[EXERCISE GOAL]:
Exactly the lines from the one that holds "2 White & Blue" to the end of the data below: retype these and nothing else.

[Brief descriptive captions]:

══════

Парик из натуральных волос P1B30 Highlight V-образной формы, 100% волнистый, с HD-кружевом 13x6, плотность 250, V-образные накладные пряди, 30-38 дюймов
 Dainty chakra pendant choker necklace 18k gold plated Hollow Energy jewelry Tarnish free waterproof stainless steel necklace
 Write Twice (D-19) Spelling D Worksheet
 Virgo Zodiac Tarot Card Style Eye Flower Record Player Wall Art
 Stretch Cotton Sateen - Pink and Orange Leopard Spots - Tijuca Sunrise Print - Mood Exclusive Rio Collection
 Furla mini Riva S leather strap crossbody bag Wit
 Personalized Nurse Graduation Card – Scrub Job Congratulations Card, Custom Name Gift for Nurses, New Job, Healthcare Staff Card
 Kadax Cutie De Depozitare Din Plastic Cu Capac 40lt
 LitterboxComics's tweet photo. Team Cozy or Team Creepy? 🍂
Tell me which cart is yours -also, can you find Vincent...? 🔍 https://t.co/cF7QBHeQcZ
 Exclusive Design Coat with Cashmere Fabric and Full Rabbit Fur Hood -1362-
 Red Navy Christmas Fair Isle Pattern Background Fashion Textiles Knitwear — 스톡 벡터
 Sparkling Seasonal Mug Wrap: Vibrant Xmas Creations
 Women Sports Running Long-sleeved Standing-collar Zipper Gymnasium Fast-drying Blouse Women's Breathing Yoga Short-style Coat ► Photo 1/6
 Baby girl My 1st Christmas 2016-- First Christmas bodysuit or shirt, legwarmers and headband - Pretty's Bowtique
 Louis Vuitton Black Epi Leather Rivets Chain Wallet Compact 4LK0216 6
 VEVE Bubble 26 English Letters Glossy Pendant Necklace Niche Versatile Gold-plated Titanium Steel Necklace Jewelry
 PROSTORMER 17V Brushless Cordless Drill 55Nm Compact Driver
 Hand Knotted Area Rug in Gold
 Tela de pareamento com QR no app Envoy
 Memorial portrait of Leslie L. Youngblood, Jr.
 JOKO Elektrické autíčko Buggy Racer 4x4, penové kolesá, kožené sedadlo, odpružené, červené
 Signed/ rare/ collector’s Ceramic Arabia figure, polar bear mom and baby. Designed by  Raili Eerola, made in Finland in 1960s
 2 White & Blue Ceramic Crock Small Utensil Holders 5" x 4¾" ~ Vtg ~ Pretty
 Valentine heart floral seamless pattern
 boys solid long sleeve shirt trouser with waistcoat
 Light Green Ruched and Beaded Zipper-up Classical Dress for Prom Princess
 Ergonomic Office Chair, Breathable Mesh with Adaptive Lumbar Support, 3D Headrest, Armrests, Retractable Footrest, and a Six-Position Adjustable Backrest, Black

══════

[RESULT FOR THIS TASK]:
 2 White & Blue Ceramic Crock Small Utensil Holders 5" x 4¾" ~ Vtg ~ Pretty
 Valentine heart floral seamless pattern
 boys solid long sleeve shirt trouser with waistcoat
 Light Green Ruched and Beaded Zipper-up Classical Dress for Prom Princess
 Ergonomic Office Chair, Breathable Mesh with Adaptive Lumbar Support, 3D Headrest, Armrests, Retractable Footrest, and a Six-Position Adjustable Backrest, Black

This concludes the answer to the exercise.